For the three months ended September 30, 2001 and 2000, there were intersegment
revenues of approximately $15.9 million and $22.1 million, respectively. For the
nine months ended September 30, 2001 and 2000, there were intersegment revenues
of approximately $100.8 million and $33.9 million, respectively. The elimination
of these intersegment revenues, which primarily relate to the use of internally
procured gas for the Company's power plants, are included in the Corporate and
Other reporting segment.

15.  Subsequent Events

FERC Investigation into California Wholesale Markets -- FERC ordered all sellers
and buyers in wholesale power markets administered by the California ISO, as
well as representatives of the State of California, to participate in a
settlement conference before a FERC administrative judge. The settlement
discussions were intended to resolve all issues that remain outstanding to
resolve past accounts, including sellers' claims for unpaid invoices, and
buyers' claims for refunds of alleged overcharges, for past periods. The
settlement discussions began on June 25, 2001, and ended on July 9, 2001. The
Chief Administrative Law Judge issued his report and recommendations to FERC on
July 12, 2001. On July 25, 2001, FERC ordered an expedited fact-finding hearing
to calculate refunds for spot market transactions in California. The hearing has
been delayed pending the submission by the California ISO and the


                                       16


California Power Exchange of data for the purpose of developing the factual
basis needed to implement the refund methodology and order refunds. The FERC
Administrative Law Judge presiding over this hearing recently announced that
this information must be submitted not later than December 7, 2001, and the
deadline for completion of the hearing is March 8, 2002. While it is not
possible to predict the amount of any refunds until the hearings take place,
based upon the information available at this time, the Company does not believe
that this proceeding will result in a material adverse effect on the Company's
financial position or results of operations.

Other Subsequent Events

On October 2, 2001, the Company announced that Moody's Investors Service
upgraded the Company's corporate and credit and senior unsecured notes to Baa3,
which is investment grade rating, from Ba1.

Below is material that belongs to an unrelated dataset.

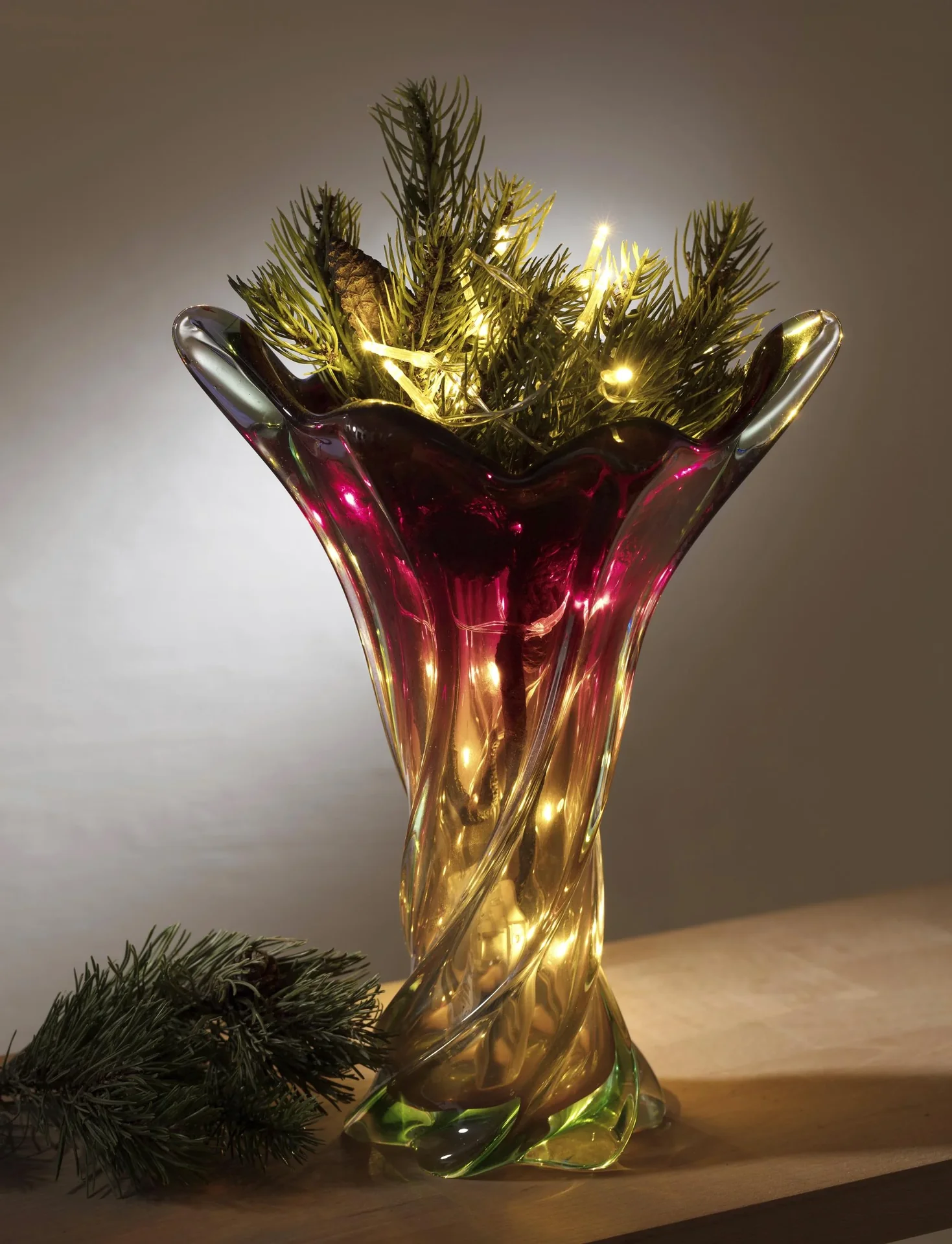 LED Lichterkette mit 20 warmweißen LEDs, batteriebetrieben - 0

On October 16, 2001, the Company acquired California Energy General Corporation
and CE Newburry, Inc. from MidAmerican Energy Holdings Company for an
undisclosed amount. The transaction includes the companies' geothermal resource
assets, contracts, leases and development opportunities associated with the
Glass Mountain Known Geothermal Resource Area ("Glass Mountain KGRA") located in
Siskiyou County, California, approximately 30 miles south of the Oregon border.
These purchases are directly related to the Company's plans to develop the
49.5-megawatt Fourmile Hill Geothermal Project located in the Glass Mountain
KGRA. The Fourmile Hill project is in advanced development and is projected to
be online by late 2004. Power from the project is committed to the Bonneville
Power Administration ("BPA") under a 20-year contract and will be delivered
within BPA's northern California service territory.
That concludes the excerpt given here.